**Action item:**
Starting at the top line, print the entries below exactly as they are and skip every picture.

________________________________________

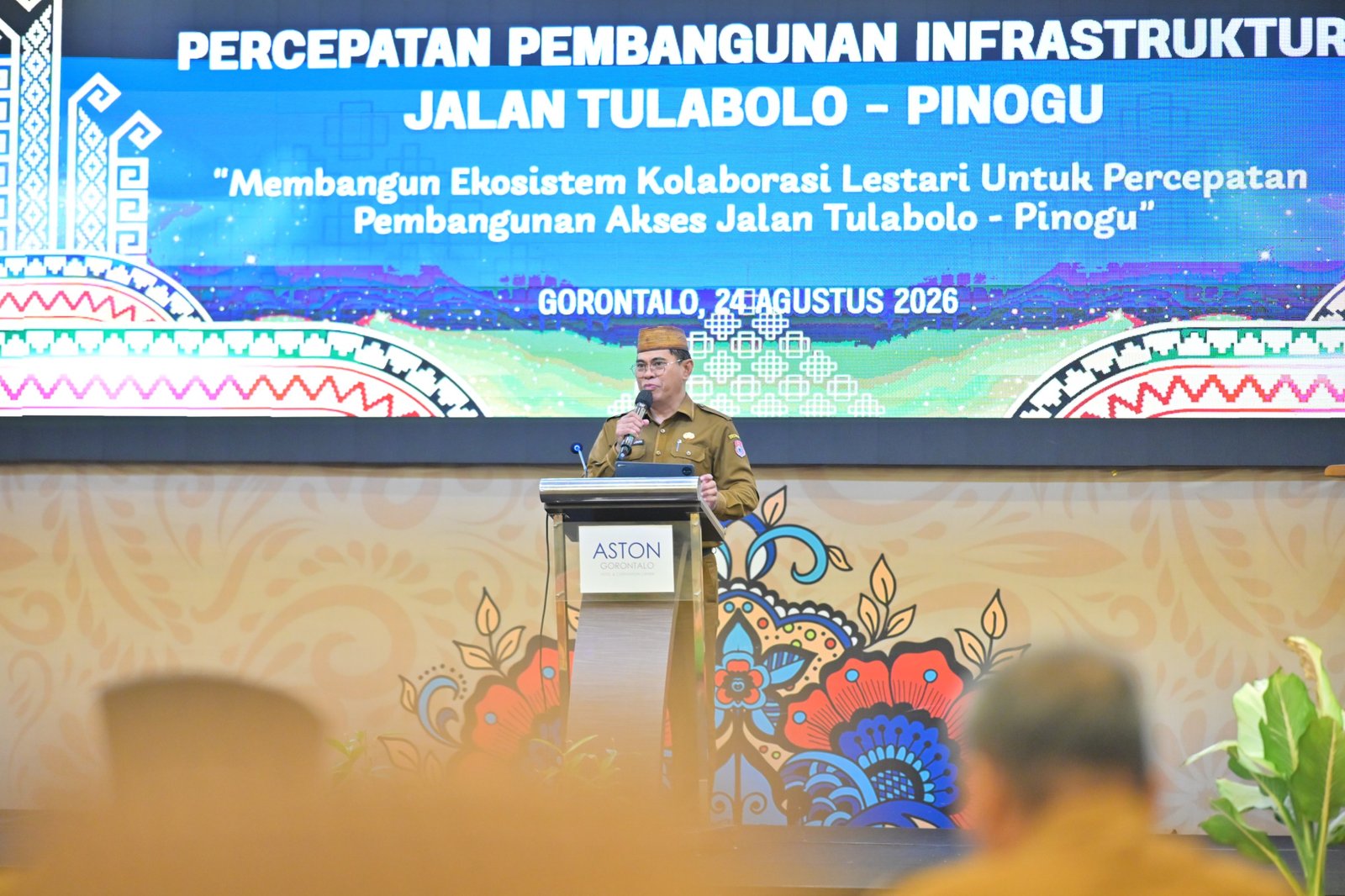 Pemkab Bone Bolango mendorong percepatan pembangunan Jalan Tulabolo–Pinogu dengan target rintisan awal pada 2028 serta menyiapkan survei ekologi untuk menjaga habitat satwa/Hibata.id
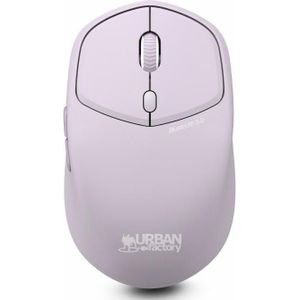 Urban Factory - Onlee - Draadloze Muis - Paars - Bluetooth 5.0, 800-1600 DPI, 6 Knoppen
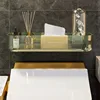 New Wall Mounted Toilet Storage Rack Accessories No-punch Acrylic Bathroom Shelf Luxury Space Saving Kitchen Storage Organizer 4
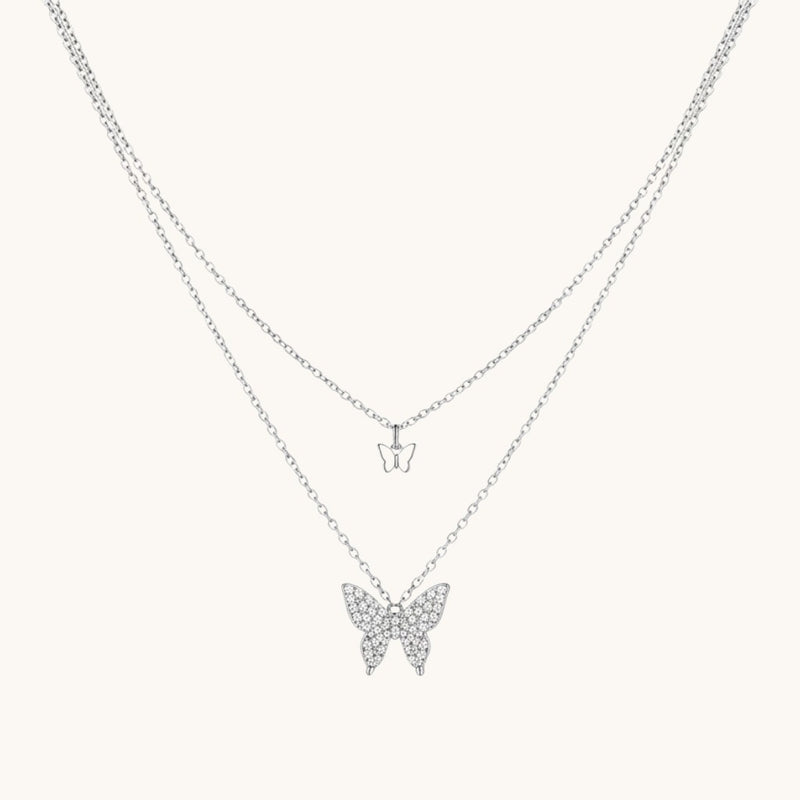 Delicate Butterfly Chain Necklace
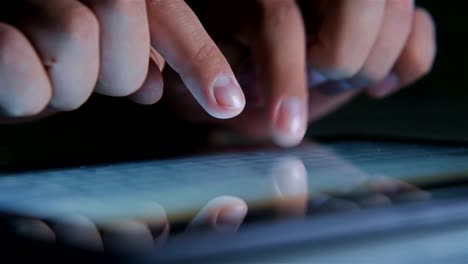 Hand-Typing-On-A-Virtual-Keyboard-Of-Digital-Tablet-Computer.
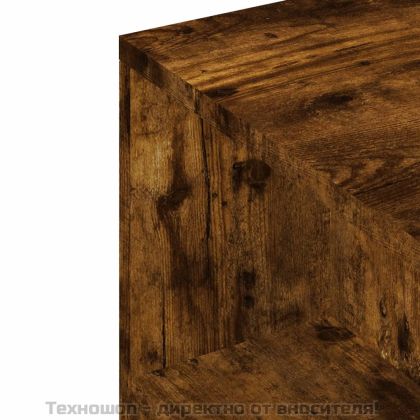 ТB шкаф, опушен дъб, 102x34,5x43 см, инженерно дърво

________________________________________

**Your solution:**
 Pemkab Bone Bolango mendorong percepatan pembangunan Jalan Tulabolo–Pinogu dengan target rintisan awal pada 2028 serta menyiapkan survei ekologi untuk menjaga habitat satwa/Hibata.id
 Urban Factory - Onlee - Draadloze Muis - Paars - Bluetooth 5.0, 800-1600 DPI, 6 Knoppen
 New Wall Mounted Toilet Storage Rack Accessories No-punch Acrylic Bathroom Shelf Luxury Space Saving Kitchen Storage Organizer 4
 Delicate Butterfly Chain Necklace
 Hand-Typing-On-A-Virtual-Keyboard-Of-Digital-Tablet-Computer.
 ТB шкаф, опушен дъб, 102x34,5x43 см, инженерно дърво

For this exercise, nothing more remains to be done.